YESTERDAY – After debating and deciding not to make a weekend trip to Columbus, I decided to take a rest day from working out, and was going to take it easy and use the weekend to take care of final Christmas loose ends and maybe see that movie with Leah (not my therapist, my long time friend).
When the movie didn’t pan out and I had some heavy messages back and forth with Leah about her marriage and ways to help her husband with his emotional opportunities, I joined up with Rach, Matt, and Brit partially through the comedy show which was better than I expected. (Note to self – HavartiParty on Tumblr)
After the show I went solo to Village Tavern which was a great time. I made friends without managing to get a single person’s name, talked to people, bought shots for birthday people, even met some girls I liked but had no clue what I was doing. I danced my face off with dudes and chicks, went for some cool-downs outside, and slid around on the ice and sleet. I didn’t get home until after 2am and had zero interest in journaling then so this is a double post.
Although I didn’t have or know anyone, I think I managed to feel a very small and manageable amount of social anxiety and insecurity at a new place, making my own way. I am kinda proud of that.
TODAY – I slept until about noon from a combination of being up late, strenuous dance marathoning, and having drinks in me. After I got up I went through the full morning routine and felt pretty good by the end except so tired I just laid on the carpet feeling how nice and soft it is and drifting in and out of sleep.
Received some packages, went through my pile of therapy worksheets to see if/which I want to go back and take a fresh look at, set up the Christmas tree, ate some dinner, read some Power of Now, and watched a movie.
I have a surplus of resources to pull from with all the worksheets, the book, the meditation, and journaling. There’s a good amount of overlap and connection between them all, but it’s hard to hold my attention fully in the present while also trying to process the multiple sources of guidance that I’m trying to follow and listen to.
The book is very repetitive, but I need that because my mind so quickly and frequently takes me for a ride without me even noticing. We are getting to discussion of how not having my identity connected to outcomes or situations in the future is both a cause and effect of being in the only place I can be whole and complete, which is now and can never be in the past or the future. There is some strange language and I do feel like a weirdo using it, but it does make sense in it’s own way.

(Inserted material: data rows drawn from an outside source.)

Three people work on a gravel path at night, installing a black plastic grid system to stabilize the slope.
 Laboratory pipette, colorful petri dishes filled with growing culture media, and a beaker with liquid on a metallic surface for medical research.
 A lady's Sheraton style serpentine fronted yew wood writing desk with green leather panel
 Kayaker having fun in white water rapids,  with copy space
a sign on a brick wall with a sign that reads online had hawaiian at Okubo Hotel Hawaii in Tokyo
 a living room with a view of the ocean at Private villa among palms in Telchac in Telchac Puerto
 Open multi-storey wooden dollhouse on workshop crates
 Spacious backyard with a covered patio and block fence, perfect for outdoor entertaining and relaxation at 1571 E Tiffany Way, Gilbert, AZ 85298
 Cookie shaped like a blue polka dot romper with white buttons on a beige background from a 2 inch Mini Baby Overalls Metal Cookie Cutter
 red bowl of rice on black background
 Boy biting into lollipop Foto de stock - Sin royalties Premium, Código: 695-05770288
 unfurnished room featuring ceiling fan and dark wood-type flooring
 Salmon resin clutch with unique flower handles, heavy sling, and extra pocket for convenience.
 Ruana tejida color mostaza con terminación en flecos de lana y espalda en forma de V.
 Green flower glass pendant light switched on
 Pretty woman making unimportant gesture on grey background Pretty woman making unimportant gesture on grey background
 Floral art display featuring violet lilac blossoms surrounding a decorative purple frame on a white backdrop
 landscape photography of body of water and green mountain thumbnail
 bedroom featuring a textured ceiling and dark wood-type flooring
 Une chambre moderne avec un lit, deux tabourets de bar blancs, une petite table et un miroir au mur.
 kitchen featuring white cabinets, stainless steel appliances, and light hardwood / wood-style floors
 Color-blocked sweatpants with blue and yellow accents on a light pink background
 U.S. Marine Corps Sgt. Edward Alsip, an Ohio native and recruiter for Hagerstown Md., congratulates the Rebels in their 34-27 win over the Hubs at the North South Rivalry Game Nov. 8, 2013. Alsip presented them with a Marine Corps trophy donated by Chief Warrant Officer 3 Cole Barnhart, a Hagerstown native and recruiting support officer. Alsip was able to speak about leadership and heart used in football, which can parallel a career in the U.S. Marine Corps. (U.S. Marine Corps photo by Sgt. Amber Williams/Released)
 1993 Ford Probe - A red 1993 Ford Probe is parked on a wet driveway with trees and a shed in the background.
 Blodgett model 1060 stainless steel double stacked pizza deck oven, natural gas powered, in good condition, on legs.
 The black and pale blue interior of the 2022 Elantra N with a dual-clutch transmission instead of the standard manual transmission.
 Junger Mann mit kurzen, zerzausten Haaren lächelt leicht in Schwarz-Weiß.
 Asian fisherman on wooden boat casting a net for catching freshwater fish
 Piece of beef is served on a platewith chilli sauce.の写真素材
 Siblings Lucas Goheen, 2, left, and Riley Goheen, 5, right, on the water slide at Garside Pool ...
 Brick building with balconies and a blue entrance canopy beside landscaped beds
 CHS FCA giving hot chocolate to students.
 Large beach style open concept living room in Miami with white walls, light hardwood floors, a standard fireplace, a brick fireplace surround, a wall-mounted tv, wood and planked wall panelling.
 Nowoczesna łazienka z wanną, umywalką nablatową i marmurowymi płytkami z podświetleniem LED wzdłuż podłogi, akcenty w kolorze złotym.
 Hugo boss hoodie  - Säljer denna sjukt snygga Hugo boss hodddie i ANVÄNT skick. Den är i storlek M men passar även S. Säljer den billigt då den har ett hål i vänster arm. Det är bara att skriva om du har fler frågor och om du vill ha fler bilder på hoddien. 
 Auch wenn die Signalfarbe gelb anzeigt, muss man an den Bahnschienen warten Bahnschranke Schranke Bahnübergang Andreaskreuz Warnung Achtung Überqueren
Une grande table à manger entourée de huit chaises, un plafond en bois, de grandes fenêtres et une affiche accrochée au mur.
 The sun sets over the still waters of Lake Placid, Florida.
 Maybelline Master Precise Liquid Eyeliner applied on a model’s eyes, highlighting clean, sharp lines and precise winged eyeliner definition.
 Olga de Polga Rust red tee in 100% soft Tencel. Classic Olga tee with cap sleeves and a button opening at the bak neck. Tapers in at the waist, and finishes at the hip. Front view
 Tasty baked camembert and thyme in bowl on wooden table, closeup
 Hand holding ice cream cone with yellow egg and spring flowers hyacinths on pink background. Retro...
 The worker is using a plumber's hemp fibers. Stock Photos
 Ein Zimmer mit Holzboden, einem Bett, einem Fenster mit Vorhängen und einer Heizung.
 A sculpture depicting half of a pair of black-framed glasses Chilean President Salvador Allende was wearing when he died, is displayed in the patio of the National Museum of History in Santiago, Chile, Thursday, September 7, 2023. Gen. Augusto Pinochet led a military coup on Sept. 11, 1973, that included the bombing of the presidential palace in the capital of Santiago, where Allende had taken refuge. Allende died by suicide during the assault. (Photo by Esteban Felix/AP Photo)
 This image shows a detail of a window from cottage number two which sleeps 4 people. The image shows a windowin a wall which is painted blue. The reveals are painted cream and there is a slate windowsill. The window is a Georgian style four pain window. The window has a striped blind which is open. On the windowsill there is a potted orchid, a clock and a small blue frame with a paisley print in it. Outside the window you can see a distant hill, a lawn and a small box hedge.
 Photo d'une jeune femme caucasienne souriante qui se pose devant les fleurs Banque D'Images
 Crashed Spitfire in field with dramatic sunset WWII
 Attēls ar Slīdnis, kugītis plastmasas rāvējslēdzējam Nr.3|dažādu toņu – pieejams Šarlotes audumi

I can’t say I was overcome by any powerful emotions today. Some regret and living in the past of last night and how I should have gotten more peoples’ information, some guilt in the moment for drinking a little more than I should have which I didn’t overcome and wake up when I planned, some insecurity about the future as I’m able to see the momentary growth and I’m getting nervous about the ever-nearing prospect of going back to school or taking some other big step.
I think that last one is also why I’ve been resisting the present and not looking into what volunteering travel opportunity I could try out in January. I was imagining and living in a fantasy future where that was all I wanted to do, but now that I might be ready to try something like that, I’m dragging my feet like I don’t want to anymore. Am I scared of the time cost and the risk and the challenge to my new routine? Probably. Is there a part of me that wonders if I don’t really need or want that experience in reality anymore? I don’t know, maybe.